This looks odd use case because when i move a package around,
with all the great tooling provided by the contributors,
import paths are updated automatically after a save.
It fails only if the package name is ambiguous because it
exists twice with different package paths within the workspace.
Its a terribly boring issue when that happens,
but i managed to survive it.

With a bit of research into those tools documentation,
a solution should quickly come up
to recursively update a workspace.

About the deprecation, i think it is strongly dependent
with your development practices and workflow.
If possible, I would not deprecate, but update my dependencies,
and pay my technical debts asap.

As for go.loader, it is a high level API of go.ast, go.parser etc
As such it provides lots of help when you are dealing with
go language loading, parsing, interpreting, traversing and manipulation.
It is tremendously useful when, for example,
cross package reference resolutions comes into your way.
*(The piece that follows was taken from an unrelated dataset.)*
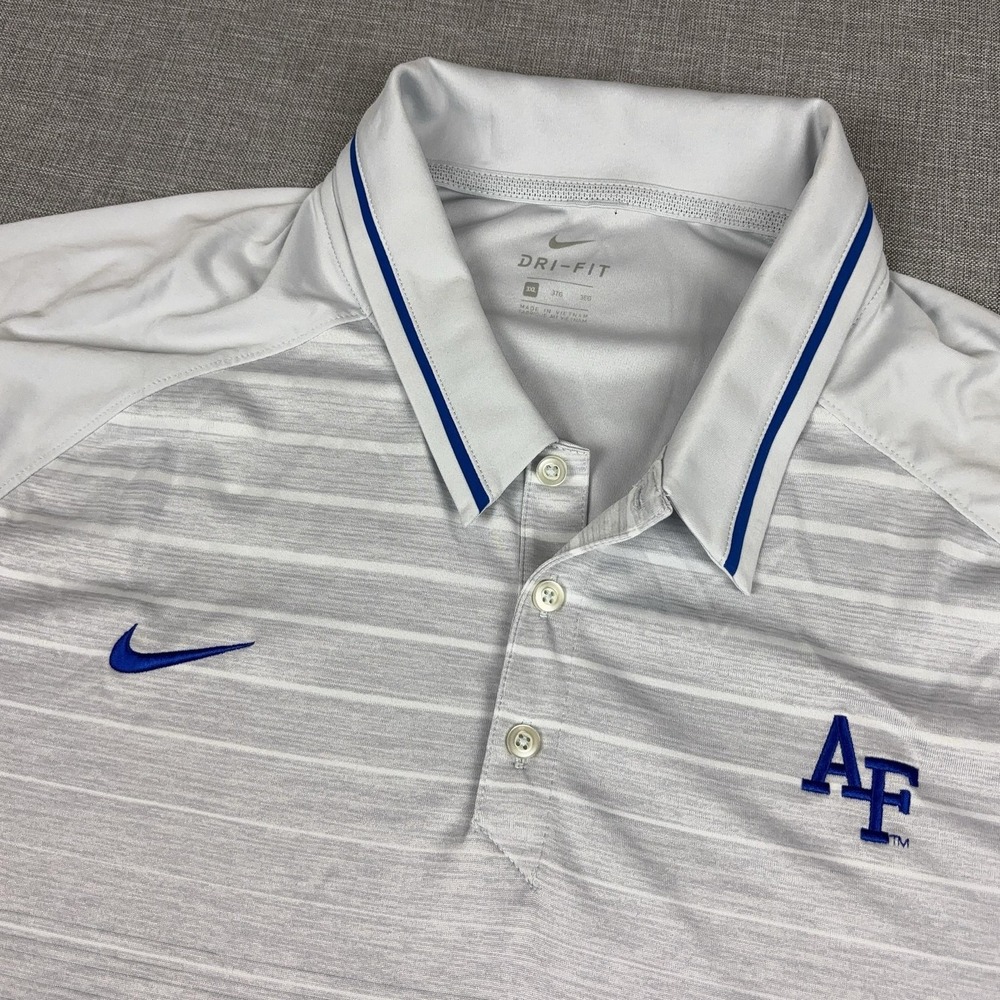 Air Force Falcons Shirt Polo Mens 3XL White NCAA Football Nike Dri Fit Top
Regarding the linkname pragma, i don't know enough about
the process of compilation to tell you anything relevant to its usage.
However, i tried to "relink" a public var of a package
to another package public var, nothing happened.
More reasonably, this extract (https://gist.github.com/myitcv/e4202a9513bed098262444ed0f4f3625)
of pragma usage within the core tree demonstrates
a pretty specific usage to inject public symbols of C funcs.
e.g. //go:linkname byteIndex strings.IndexByte

Maybe someone else with a deeper knowledge can help you figure that out.

I don't have the feeling that i answered your questions, sorry for that.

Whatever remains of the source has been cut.